Edward Snowden - the man who leaked classified information from the National Security Agency (NSA) in 2013 and who is hailed by some as a whistleblower and condemned by others as a traitor - has co-created a conceptual iPhone case intended to prevent governments and various other parties from spying on smartphone users.

Smartphones, are of course, easily trackable - a "perfect tracking device" in Snowden's words - and both governments and criminals can obtain all sorts of information about users (including the users' locations) by monitoring signals emitted by phones. Such surveillance can jeopardize the safety and effectiveness of both activists and journalists; at least one journalist, Marie Colvin, is believed to have been killed in Syria after signals from her phone were used to establish her location as a target.

Of course, modern smartphones have "Airplane" modes that theoretically shut off transmissions. But such modes don't really terminate all communications - GPS often remains on, and some other communications may also still occur. I have, for example, received text messages while sitting on the New York City subway with my phone in Airplane mode; someone looking to see where I was could send a series of texts and look for a beeping phone. Malware on a phone could also theoretically allow the phone to display that it is in Airplane mode when it is not.
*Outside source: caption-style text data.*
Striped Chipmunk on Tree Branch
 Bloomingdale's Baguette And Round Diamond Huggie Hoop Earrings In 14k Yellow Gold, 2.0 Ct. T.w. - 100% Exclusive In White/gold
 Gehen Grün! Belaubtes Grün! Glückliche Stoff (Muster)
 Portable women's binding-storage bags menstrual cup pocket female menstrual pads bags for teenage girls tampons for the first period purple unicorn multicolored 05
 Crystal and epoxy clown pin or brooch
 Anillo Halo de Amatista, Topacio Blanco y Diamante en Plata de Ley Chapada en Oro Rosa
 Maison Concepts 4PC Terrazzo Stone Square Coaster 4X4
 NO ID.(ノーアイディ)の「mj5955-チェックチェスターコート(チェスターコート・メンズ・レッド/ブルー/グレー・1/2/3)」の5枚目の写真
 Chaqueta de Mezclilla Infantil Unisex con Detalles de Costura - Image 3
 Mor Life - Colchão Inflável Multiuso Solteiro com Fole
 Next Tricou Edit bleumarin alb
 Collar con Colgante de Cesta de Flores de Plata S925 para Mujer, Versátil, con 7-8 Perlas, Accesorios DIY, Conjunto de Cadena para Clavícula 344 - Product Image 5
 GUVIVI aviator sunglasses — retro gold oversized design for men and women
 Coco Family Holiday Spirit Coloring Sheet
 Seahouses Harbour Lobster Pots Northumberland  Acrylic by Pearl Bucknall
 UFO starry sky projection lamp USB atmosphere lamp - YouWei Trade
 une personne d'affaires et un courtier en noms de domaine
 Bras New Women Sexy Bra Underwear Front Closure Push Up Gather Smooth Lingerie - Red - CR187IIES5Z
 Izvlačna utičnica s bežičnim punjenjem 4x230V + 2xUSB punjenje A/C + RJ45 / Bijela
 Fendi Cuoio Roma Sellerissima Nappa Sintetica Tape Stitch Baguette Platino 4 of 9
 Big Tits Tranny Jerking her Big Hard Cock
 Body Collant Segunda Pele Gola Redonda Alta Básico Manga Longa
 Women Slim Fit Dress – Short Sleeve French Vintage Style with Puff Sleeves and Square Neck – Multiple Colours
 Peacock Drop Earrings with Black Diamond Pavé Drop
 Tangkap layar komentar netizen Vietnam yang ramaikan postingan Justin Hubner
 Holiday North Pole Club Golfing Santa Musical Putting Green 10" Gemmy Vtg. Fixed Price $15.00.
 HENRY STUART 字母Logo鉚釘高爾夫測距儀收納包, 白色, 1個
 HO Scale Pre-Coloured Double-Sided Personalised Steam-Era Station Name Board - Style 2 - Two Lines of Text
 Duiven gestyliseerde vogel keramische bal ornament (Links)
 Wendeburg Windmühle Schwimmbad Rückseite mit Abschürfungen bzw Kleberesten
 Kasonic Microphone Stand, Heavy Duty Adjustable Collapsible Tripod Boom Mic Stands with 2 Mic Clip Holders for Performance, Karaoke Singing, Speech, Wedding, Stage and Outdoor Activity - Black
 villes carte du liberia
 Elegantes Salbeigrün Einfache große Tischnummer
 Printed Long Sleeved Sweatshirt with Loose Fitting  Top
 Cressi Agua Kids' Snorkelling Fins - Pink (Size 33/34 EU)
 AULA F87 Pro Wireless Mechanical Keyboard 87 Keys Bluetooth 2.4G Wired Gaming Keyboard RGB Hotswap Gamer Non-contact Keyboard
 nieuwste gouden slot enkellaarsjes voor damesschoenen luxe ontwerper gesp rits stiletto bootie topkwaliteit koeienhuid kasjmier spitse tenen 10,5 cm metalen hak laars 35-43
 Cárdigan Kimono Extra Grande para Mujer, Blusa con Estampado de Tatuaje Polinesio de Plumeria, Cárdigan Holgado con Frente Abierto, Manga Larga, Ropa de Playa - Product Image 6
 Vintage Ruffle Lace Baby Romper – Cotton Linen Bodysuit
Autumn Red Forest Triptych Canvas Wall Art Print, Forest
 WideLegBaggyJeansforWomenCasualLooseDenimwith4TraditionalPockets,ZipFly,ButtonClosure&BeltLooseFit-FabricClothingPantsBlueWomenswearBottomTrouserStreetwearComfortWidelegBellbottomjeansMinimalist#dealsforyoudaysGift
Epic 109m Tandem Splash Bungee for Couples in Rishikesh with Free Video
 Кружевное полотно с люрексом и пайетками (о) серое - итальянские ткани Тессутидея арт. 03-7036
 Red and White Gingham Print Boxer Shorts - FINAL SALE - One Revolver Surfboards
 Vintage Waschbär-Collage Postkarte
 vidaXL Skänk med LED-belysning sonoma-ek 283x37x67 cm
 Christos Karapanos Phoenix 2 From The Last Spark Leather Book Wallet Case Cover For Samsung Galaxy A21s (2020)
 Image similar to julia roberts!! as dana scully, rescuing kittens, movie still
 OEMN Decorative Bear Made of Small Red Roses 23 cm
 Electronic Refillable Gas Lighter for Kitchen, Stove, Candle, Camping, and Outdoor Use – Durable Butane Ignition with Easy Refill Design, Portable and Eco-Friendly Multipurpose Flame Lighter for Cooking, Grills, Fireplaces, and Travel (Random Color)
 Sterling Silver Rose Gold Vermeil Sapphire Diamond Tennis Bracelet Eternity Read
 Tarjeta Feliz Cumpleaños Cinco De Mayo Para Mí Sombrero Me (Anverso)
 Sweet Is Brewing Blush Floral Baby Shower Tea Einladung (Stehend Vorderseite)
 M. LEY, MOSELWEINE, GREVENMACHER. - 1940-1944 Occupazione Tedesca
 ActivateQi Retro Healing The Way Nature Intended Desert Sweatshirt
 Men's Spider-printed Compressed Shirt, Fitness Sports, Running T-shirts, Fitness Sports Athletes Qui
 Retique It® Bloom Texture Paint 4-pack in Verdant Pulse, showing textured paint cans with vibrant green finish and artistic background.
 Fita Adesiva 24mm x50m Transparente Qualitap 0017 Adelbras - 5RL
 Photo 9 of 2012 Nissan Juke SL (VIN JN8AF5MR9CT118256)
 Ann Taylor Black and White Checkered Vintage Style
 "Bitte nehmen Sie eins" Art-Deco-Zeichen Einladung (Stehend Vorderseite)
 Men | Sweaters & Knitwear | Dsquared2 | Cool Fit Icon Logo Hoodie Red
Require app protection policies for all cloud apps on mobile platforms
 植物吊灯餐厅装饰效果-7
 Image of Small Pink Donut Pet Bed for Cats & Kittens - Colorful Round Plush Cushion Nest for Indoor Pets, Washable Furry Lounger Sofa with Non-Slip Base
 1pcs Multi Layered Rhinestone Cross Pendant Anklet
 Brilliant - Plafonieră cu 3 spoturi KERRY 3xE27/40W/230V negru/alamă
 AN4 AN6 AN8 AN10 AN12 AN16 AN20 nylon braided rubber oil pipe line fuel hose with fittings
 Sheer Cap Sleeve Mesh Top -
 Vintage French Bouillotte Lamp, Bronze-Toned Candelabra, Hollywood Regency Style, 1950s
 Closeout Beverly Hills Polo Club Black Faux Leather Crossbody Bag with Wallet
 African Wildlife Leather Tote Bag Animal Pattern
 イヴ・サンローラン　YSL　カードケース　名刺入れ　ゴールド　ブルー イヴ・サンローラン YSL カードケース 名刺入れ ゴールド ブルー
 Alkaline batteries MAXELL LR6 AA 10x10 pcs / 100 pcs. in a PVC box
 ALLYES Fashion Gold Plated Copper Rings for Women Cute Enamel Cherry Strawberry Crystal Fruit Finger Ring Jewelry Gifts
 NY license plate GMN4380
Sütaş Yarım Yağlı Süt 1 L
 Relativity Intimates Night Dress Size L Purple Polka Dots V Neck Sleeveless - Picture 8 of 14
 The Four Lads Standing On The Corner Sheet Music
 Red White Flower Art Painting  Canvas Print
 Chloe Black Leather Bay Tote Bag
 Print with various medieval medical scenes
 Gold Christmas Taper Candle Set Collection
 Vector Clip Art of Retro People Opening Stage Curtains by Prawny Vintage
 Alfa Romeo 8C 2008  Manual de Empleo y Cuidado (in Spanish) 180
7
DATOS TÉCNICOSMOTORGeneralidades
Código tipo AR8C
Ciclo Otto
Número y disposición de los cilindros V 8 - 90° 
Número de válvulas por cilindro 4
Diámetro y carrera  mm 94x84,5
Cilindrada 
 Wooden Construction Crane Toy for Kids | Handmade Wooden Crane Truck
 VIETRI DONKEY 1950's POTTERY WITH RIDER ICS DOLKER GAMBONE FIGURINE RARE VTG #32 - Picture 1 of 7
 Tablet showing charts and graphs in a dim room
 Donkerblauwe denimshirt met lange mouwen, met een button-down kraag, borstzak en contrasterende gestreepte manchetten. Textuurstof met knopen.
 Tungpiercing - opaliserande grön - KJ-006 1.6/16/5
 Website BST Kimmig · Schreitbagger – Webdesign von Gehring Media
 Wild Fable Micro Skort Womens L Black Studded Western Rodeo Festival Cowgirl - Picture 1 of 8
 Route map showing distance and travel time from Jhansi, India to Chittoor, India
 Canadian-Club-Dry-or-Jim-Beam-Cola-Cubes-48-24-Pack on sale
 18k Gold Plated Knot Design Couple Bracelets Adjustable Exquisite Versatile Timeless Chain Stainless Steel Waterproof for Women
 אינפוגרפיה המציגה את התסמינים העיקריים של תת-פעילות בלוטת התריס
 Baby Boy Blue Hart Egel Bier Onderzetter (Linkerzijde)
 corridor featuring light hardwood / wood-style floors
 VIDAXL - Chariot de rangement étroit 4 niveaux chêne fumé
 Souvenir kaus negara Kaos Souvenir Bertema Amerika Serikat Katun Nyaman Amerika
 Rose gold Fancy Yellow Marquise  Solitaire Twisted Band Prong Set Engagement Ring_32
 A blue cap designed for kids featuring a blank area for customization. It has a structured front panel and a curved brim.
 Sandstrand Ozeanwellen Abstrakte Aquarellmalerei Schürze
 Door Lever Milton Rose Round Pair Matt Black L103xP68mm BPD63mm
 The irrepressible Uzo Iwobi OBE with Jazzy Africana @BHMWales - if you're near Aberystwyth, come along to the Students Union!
Snowden and hardware hacker, Andrew Huang, co-authored a paper presenting a possible solution to this problem: they proposed a smartphone case that is connected to the phone and alerts the user when the phone is making transmissions. The case - which they dubbed the "introspection engine" --  contains wires that feed into the phone via the SIM card slot and attach to various components inside the phone. The case utilizes its own computer and display; the display shows status information for phone communications (GPS, Bluetooth, WiFi, cellular service), and the case can set off an alarm if it detects an occurrence of unusual activity.

Snowden and Huang presented their paper this past Thursday at the MIT Media Lab; Snowden obviously did not attend in person; he video-conferenced in from Russia where he is currently living as a fugitive, wanted by law enforcement in the United States.

At this point, the "introspection engine" is just a concept - no prototype even exists yet - and, while the case may have value to a select small group of people, it is unlikely to become widespread.

For most people, turning off one's smartphone is sufficient to prevent it from making transmissions. Worried about malware that fakes a power-off? Place your device in a Faraday type case that blocks transmissions; various models of such cases are sold online and there is a new high-end model with all sorts of other security features being shown at the  HOPE Conference currently underway in New York. Of course, such cases are not 100% perfect - but, for, most people, they suffice - and, even in the case of journalists in rogue nations such cases might already offer sufficient protection.

Unlike Faraday cases, the proposed Snowden case doesn't block signals - it just warns when a signal is being sent and, if an optional kill switch is added, kills the transmission - so, in highly sensitive situations, it might still pay to use the Faraday case around the phone even if the device sports an "introspection engine" type case.

Also, note that if someone wants to use the phone feature at times, but wants to ensure that the phone isn't making unauthorized transmissions, the case itself isn't going to do much, as it cannot detect if extra information is going out via the cellular connection when that connection is in use. What it might catch are packets being sent at irregular times or if cellular data is sent when that feature is showing on the phone as being disabled, and the user intends to use only WiFi.

Another approach might be far simpler than the "introspection engine" - if you are going into a place where you need to worry about transmissions, use an old non-connected organizer and camera, and use a non-smart-phone phone with a removable battery - and keep it is a Faraday Box even when it is off.

I am also not sure how much protection the Snowden case actually provides against government spying. Governments have the ability to track users through the wireless providers in their respective regions - they don't need to hack cellphones and program the devices to make unauthorized transmissions in order to track people's locations.

The "introspection engine" is certainly interesting - although I suspect that if it had been invented by someone less famous, not many people would have even taken notice. And, as it is just a theoretical object at this point, nobody can say for certain if it would even work as intended. As Snowden hopes to work on developing a prototype, time will tell.